PROBLEM REQUIREMENTS: Your response to the data below should hold nothing except the lines from the one containing "苏林总书记向第一军区武装力量授予胡志明勋章。" down to the one containing "Moog Subsequent 37 (Made in USA)", reproduced exactly and without pictures.

EXERCISE INPUT:
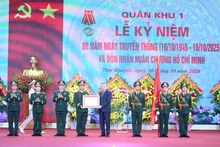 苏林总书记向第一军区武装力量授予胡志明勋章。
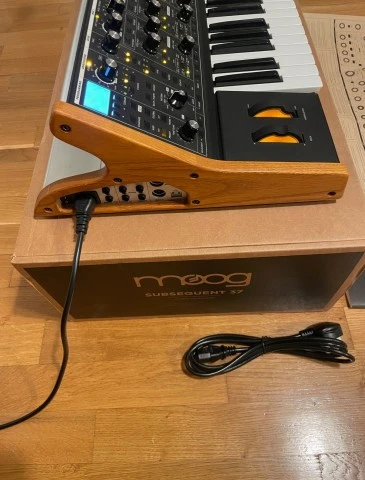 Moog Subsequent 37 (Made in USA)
* * *
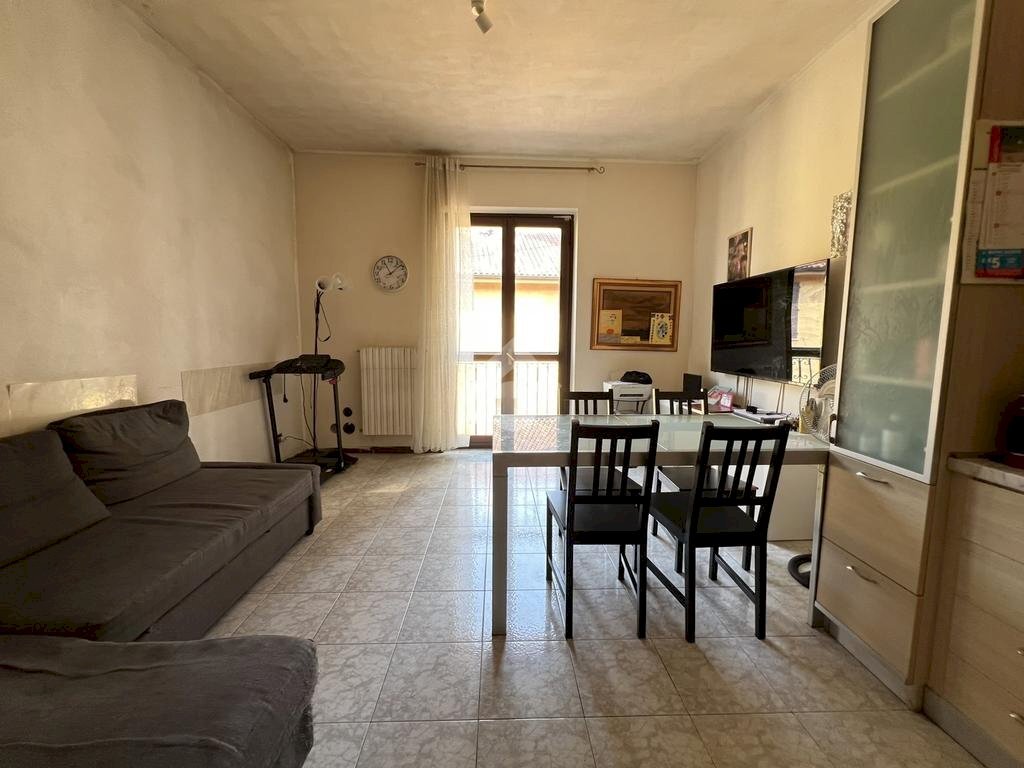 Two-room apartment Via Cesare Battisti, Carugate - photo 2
---
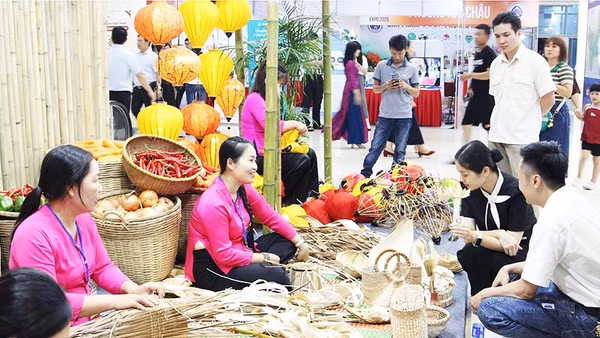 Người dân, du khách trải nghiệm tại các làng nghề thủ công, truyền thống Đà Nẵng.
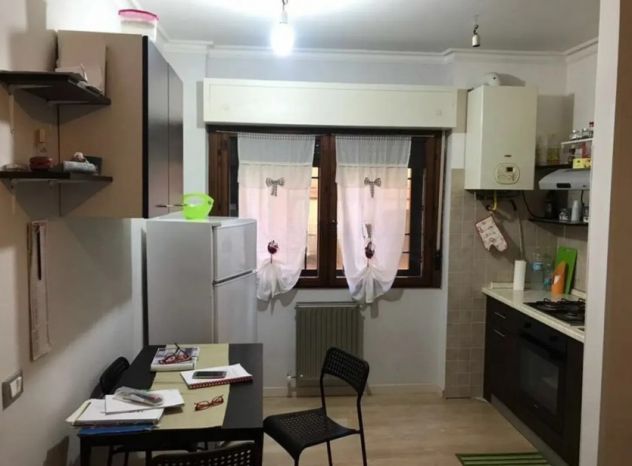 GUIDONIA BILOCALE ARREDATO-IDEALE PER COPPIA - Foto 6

EXERCISE RESPONSE:
 苏林总书记向第一军区武装力量授予胡志明勋章。
 Moog Subsequent 37 (Made in USA)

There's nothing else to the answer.